Sunday, April 7, 2019

SuperFog

Fog is essential for Redwood Trees. Most of the water the forest gets over the dry Summer months in California comes in the form of fog that is captured by trees or converted to rain that falls within the dripline of the trees. You only find wild Redwoods where there is Summer fog. The needles of Redwoods are designed to capture fog and turn it into rain.

Our home is at the edge of the Redwood Forest. About one-third of the yard is in wild second-growth Redwoods. Much of the rest is Douglas Fir. Both these species actually act as precipitrons, with the needles electrostatically charged relative to the fog flowing over the mountain, resulting in fog droplets collecting on the tree needles. This in turn becomes larger droplets, until they are too large to remain on the leaf and fall to the ground.

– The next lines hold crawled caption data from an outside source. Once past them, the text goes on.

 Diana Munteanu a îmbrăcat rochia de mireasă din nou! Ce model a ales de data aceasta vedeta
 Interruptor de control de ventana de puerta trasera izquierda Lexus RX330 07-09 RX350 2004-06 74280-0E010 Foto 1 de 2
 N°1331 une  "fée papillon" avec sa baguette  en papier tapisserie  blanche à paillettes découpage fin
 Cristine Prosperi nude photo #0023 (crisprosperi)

Locally this is known as "Fog Drip", and it more than doubles the rainfall under the Fir and Redwood trees relative to open ground rainfall. The entire ecology of the Redwood Forest is dependent upon Fog Drip to keep alive through the warm and dry summers (no actual rain typically falls between June and October).

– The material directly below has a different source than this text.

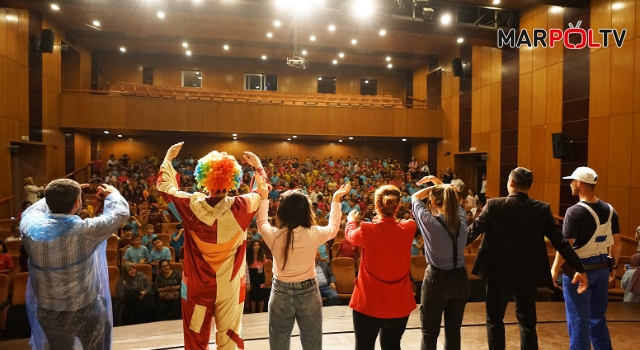 Minik Tiyatroseverler ‘Çözüm Bakanlığı’nı Büyük Bir İlgiyle Takip Etti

When I moved here twenty years ago, I thought "Wow - I can grow a lot of vegetables!". True enough, though the ones I finally started to succeed with were not the ones I started with. In years that are typical of coastal Redwood Forest, it is a race between getting my first ripe tomato of the year and the first frost of the Fall. In more atypical years, I get ripe tomatoes in July. We've had lots more of these later types of years lately, and they stress the forest mightily.

At least this Spring, we still have the life giving fog. This is the view of the Fir trees from our deck.

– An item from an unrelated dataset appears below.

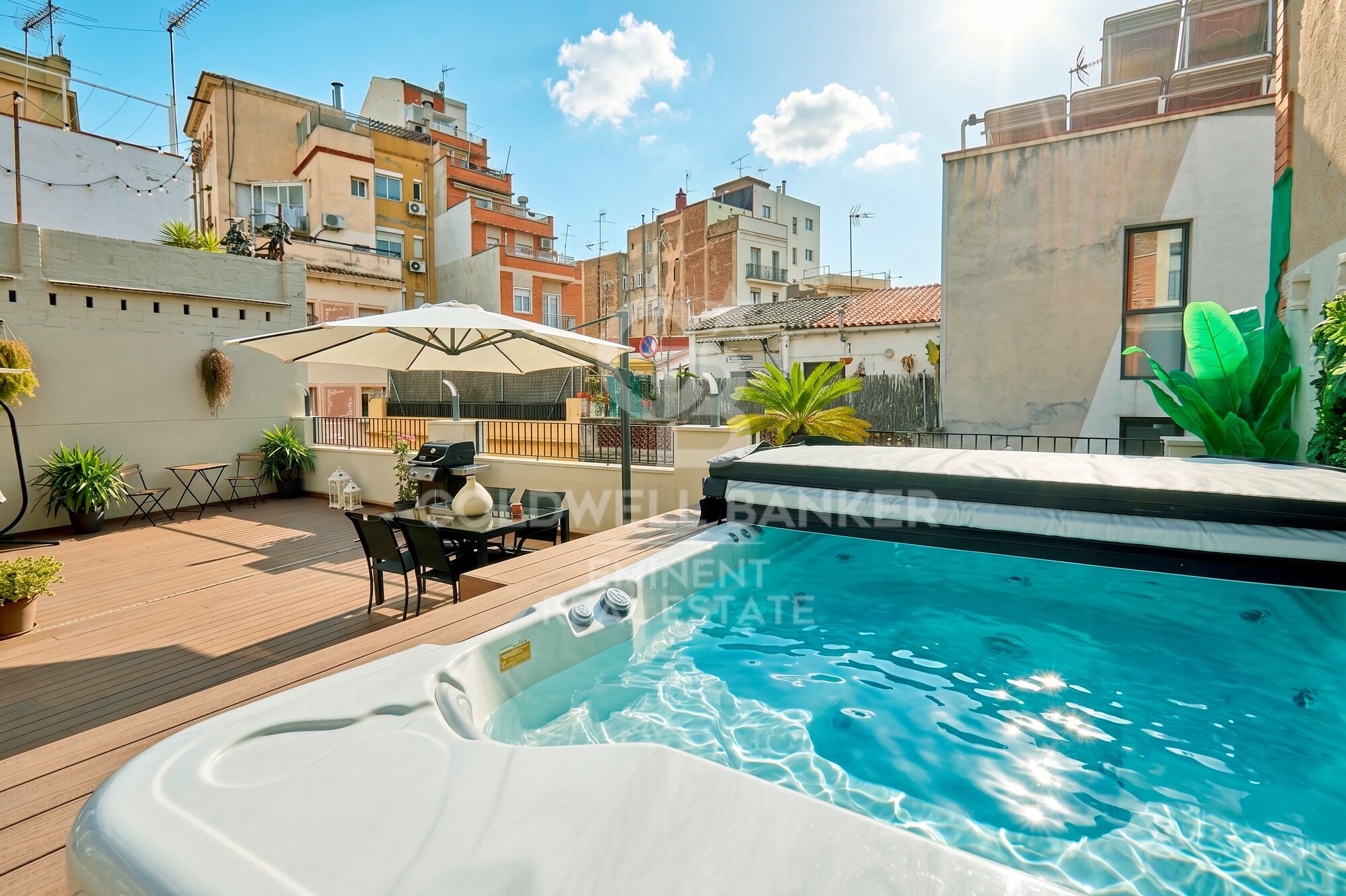 Appartement P1 meublé, neuf avec des finitions soignées, disposant d'une terrasse privée, d'un solarium et d'une piscine commune.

While the fog keeps the yard colder than most folks like (not exactly swimwear weather), there are other compensating wonders, such as the reductionist Lilies: Trillium. Southern California and the deserts have superblooms. Our forests have their own version. Rather than carpets of color that run for miles, there are sublime blossoms to be found in the deep mossy places. Added bonus: no sunburn!


This is a local color form of Trillium chloropetalum. More typically flowers of this species are pale green on the coast, or brick red east of the coastal slopes.

We also have true Lilies - they will not be flowering locally for months, but the dwarf Checker Lilies are in flower now (Fritillaria affinis) often among the Trilliums.


You can't find our superfog superflowers from miles away, yet when you do find them they are sublime additions that make the day brighter.